## EXERCISE INSTRUCTIONS
Please reproduce the data exactly, though every picture must stay out.

## RAW DATA
"""
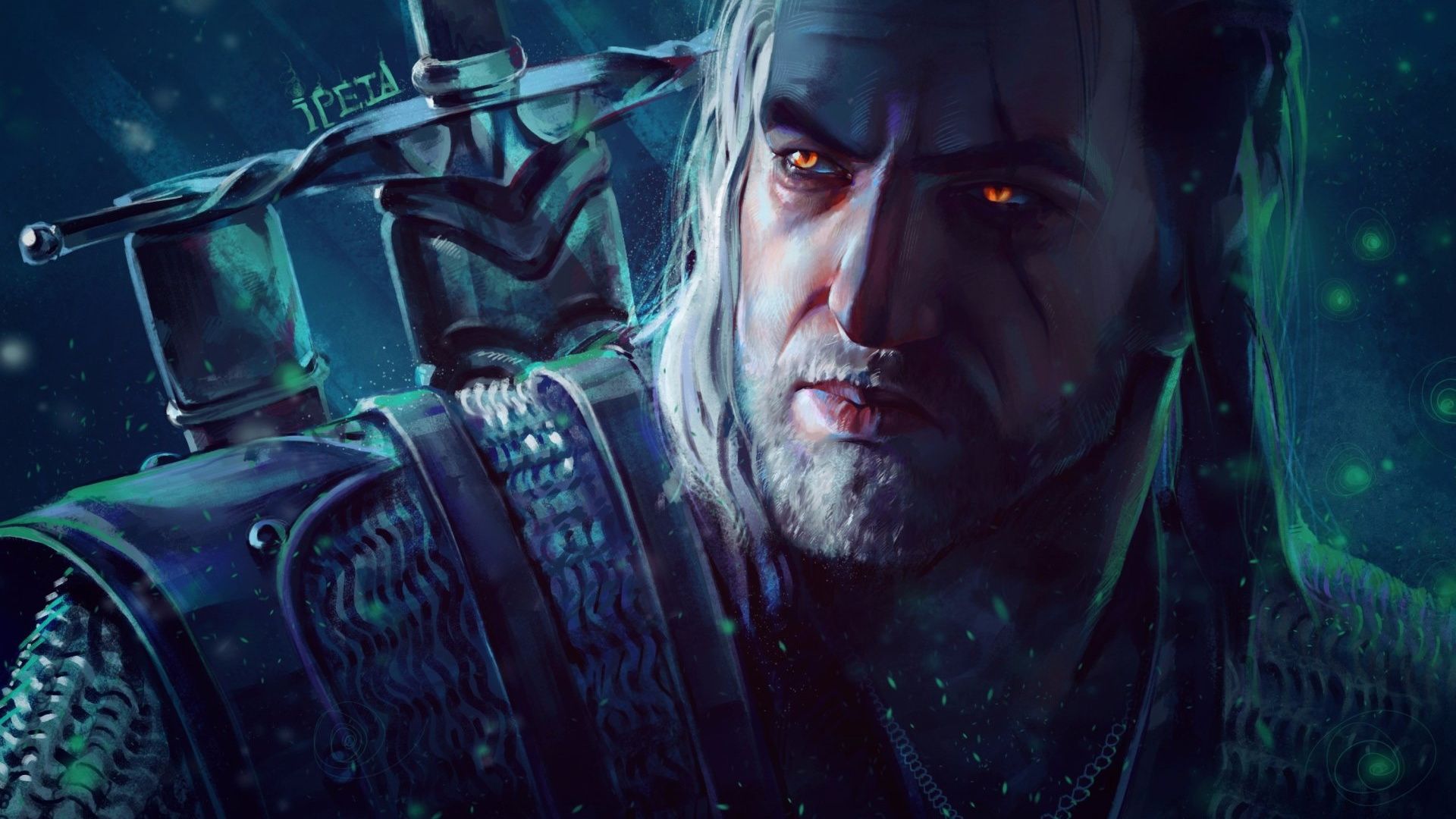 Geralt di Rivia, The Witcher, 1920x1080 1080p, PC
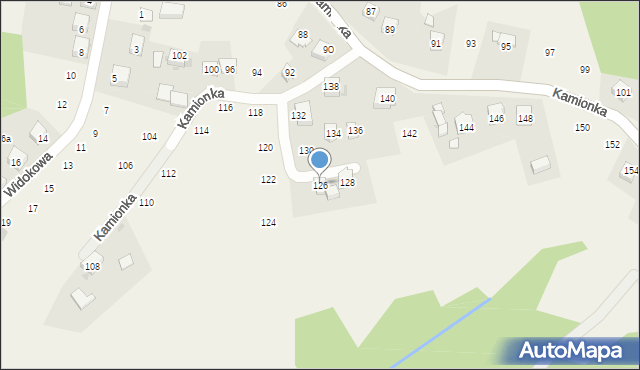 Zakliczyn, Kamionka, 126, mapa Zakliczyn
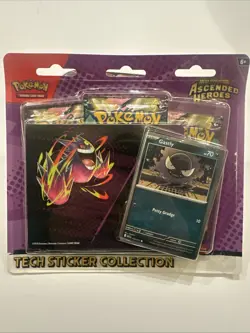 Pokemon Ascended Heroes Tech Sticker Collection Gastly New Sealed - SHIPS TODAY - Image 1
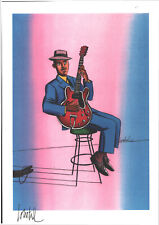Offset guitariste tirage d'occasion  Bourg-la-Reine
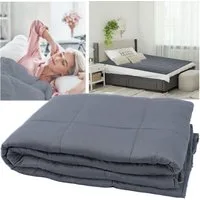 Casativo Gewichtsdecke Komfort Gewichtsdecke 150 x 200cm, 7kg, Premium Baumwolle & Glasperlen für tiefe Entspannung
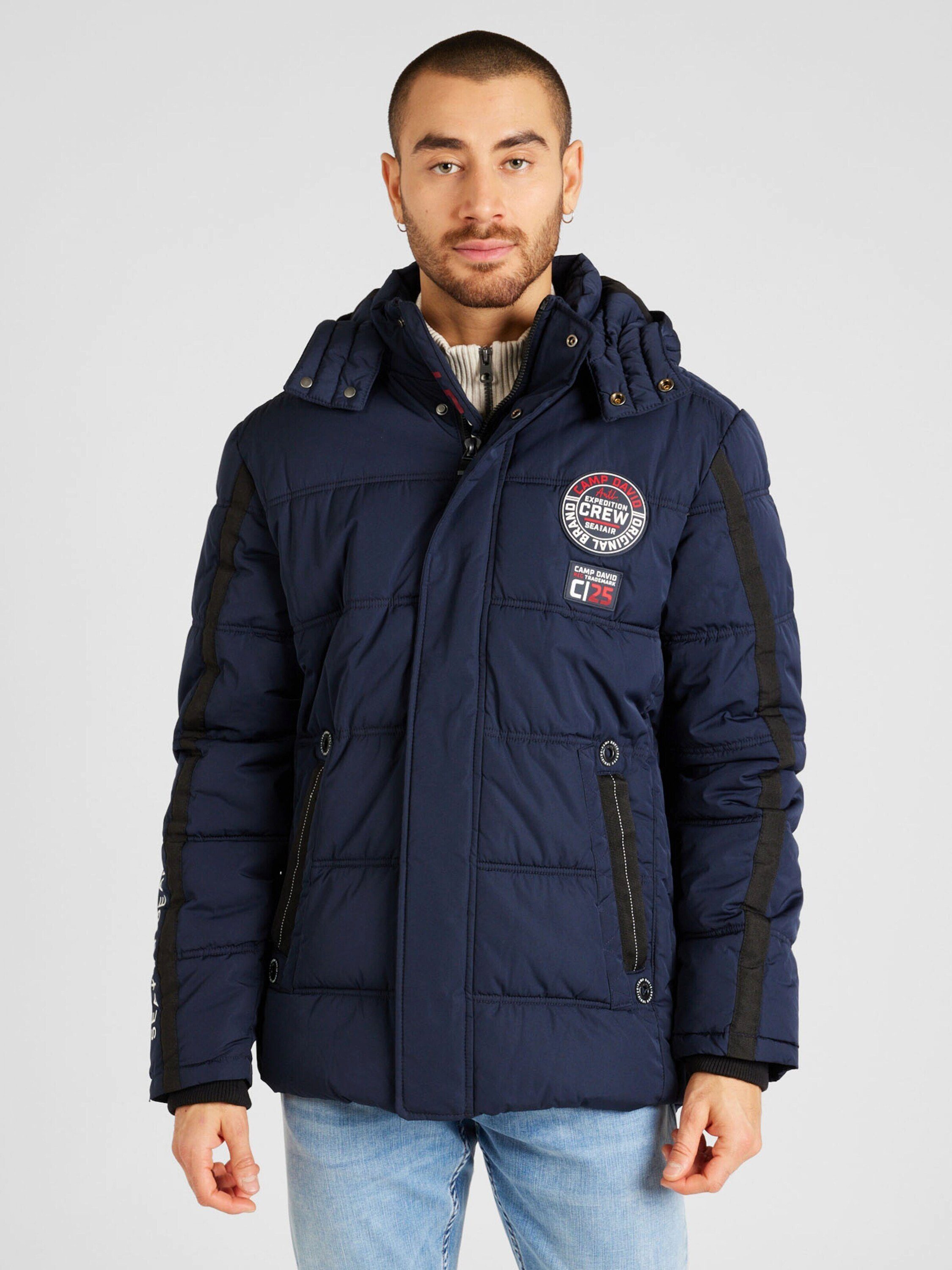 CAMP DAVID Outdoorjacke mit Windbreaker-Bündchen im Ärmel, Kapuze mit  Stehkragen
"""
## RESULT OF THE TASK
 Geralt di Rivia, The Witcher, 1920x1080 1080p, PC
 Zakliczyn, Kamionka, 126, mapa Zakliczyn
 Pokemon Ascended Heroes Tech Sticker Collection Gastly New Sealed - SHIPS TODAY - Image 1
Offset guitariste tirage d'occasion  Bourg-la-Reine
 Casativo Gewichtsdecke Komfort Gewichtsdecke 150 x 200cm, 7kg, Premium Baumwolle & Glasperlen für tiefe Entspannung
 CAMP DAVID Outdoorjacke mit Windbreaker-Bündchen im Ärmel, Kapuze mit  Stehkragen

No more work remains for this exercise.